You gave it those set_password and check_password methods which is great because it is exactly something that a user object should know how to do. Maybe there is something like this for the PID controller model or something.

kizniche commented 7 years ago

Methods are handled a little differently than the sensors, PIDs, relays, timers, graphs, and LCDs.

For all but methods, the 'id' is the where the unique id is stored to distinguish different controllers. For methods, the 'id' is still used to distinguish between, modify, and delete entries, but the 'method_id' is used to associate entries. So, if a method is created, an entry will be made with a random 'id' and random 'method_id' and will contain basic info about the method (name, type, etc.). Then, when a time period/point is added to the method, an entry is created with a random 'id' but the 'method_id' will match that of the previous parent entry's 'method_id'. So, 'id' should be unique, but 'method_id' should not be.

etiology commented 7 years ago

Is method_id a foreign key then?

kizniche commented 7 years ago

Yes, it will reference the 'method_id' of the only entry with the method_order of 0. Here's some data to illustrate.

mycodo sql example methods

kizniche commented 7 years ago

I've been thinking about what would be necessary for a successful database upgrade. The current IDs from each table will need to be searched for and replaced throughout the database to preserve references. Then the column type needs to be changed, then assigned the new unique integer.

However, I found sqlite3 column types can't be altered. So, unless there's a new method I haven't discovered, I'm coming to the conclusion that having users create a new database will probably be necessary.

I believe this should be a major version number change, to prevent users from automatically upgrading to it from the lower major version number. I envision the last version release of the lower major version (e.g. 4.1.20) would present a new option on the upgrade screen, allowing a major version upgrade (5.0.0) but warning them that their database will be created anew and no settings will be transferred over.

I'm trying to think of any other database structural changes that would be needed or would be useful, but I'm just not that familiar with database design. Are there any other changes you can think of that should be included in this update?

etiology commented 7 years ago

I would take the time to rethink how your database objects are related to each other and add foreign key relationships. If you are considering having users setup new settings it gives you the freedom to design the database that you want. Look for areas in the code where relationships between database models is being resolved in software instead of in the database.
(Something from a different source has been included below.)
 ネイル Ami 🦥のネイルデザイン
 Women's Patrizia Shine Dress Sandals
I may be mistaken but it looks like there is a relationship between the Relay model and the RelayConditional models. I see in controller_relay.py the following:

    def check_conditionals(self, relay_id, on_duration):
        conditionals = db_retrieve_table(MYCODO_DB_PATH, RelayConditional)
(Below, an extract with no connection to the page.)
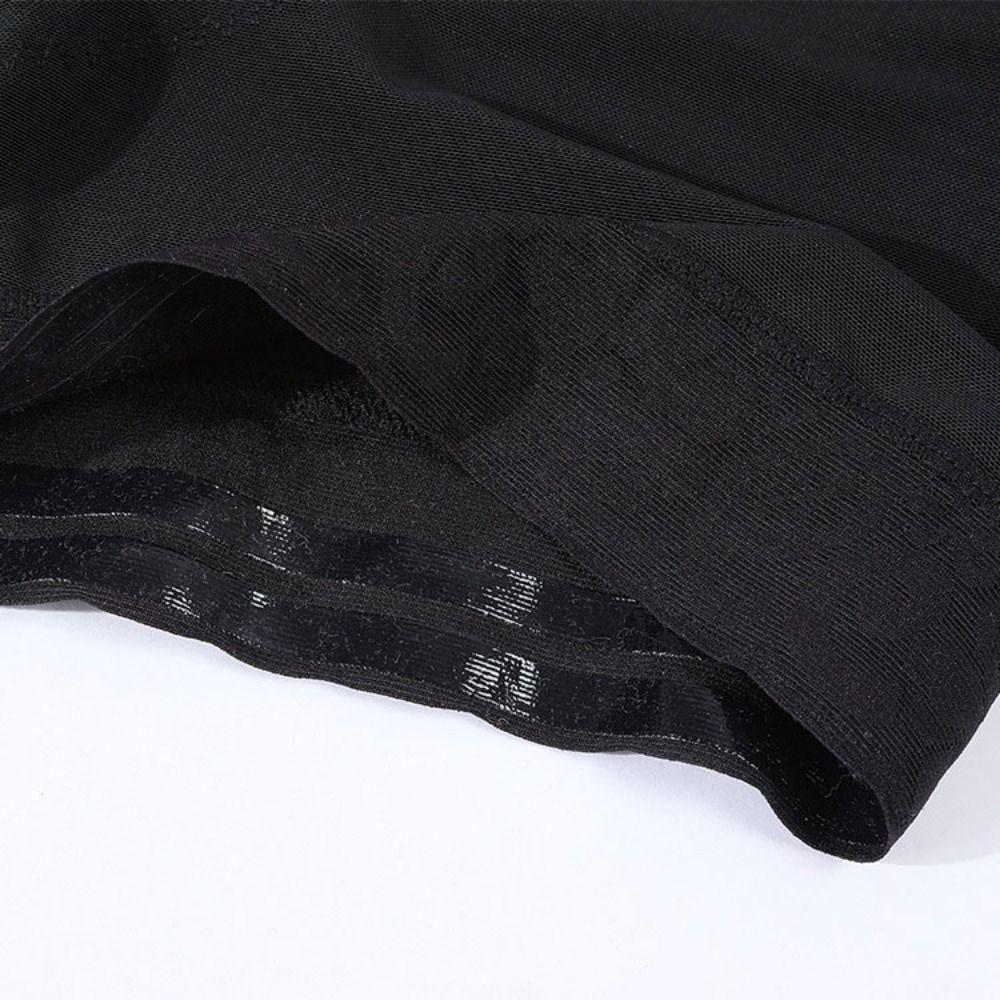 Seamless Postpartum Body Shaper Zipper Style Slimming Shapewear Tummy Control Jumpsuits  Sports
        conditionals = conditionals.filter(RelayConditional.if_relay_id == relay_id)
        conditionals = conditionals.filter(RelayConditional.activated == True)
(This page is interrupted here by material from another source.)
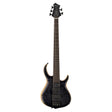 Sire Basses M7+ S5/TBK basgitaar, 5-snarig, swamp ash + massief esdoorn, transparant zwart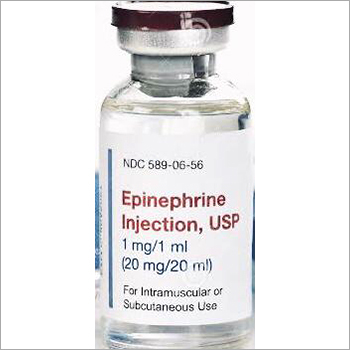 Epimephrine Injection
        if self.is_on(relay_id):
            conditionals = conditionals.filter(RelayConditional.if_action == 'on')
            conditionals = conditionals.filter(RelayConditional.if_duration == on_duration)
        else:
            conditionals = conditionals.filter(RelayConditional.if_action == 'off')

        for each_conditional in conditionals.all():
            message = None
            ...

I might be wrong about this specific object because I don't quite understand what the relay conditional class is doing, but it looks like it could be a one-to-many relationship between Relay and Conditionals. This relationship can be created in the database with a foreign key in the Conditionals table:

class RelayConditional(Base):
    __tablename__ = "relayconditional"

    id = Column(Integer, primary_key=True)
    relay_id = Column(Integer, ForeignKey(relays.id), nullable=False)
    name = Column(TEXT)
    activated = Column(BOOLEAN)
    #... more conditions

Now you can do this instead:

def check_conditionals(self, relay_id, on_duration):
    my_relay = Relay.query.filter_by(id=relay_id).first()
    for condition in my_relay.conditionals:
       # ... do stuff

It would be a large change but it could streamline the code, which makes it easier to manage and work with. It's worth daydreaming about. Does it sound right that Relays could have assigned PIDControllers that have their own set of conditional values? Well that's a relationship that you can make in the database. It makes the objects more useful and it prevents things like database rows containing conditional values that are not referenced or attached to anything.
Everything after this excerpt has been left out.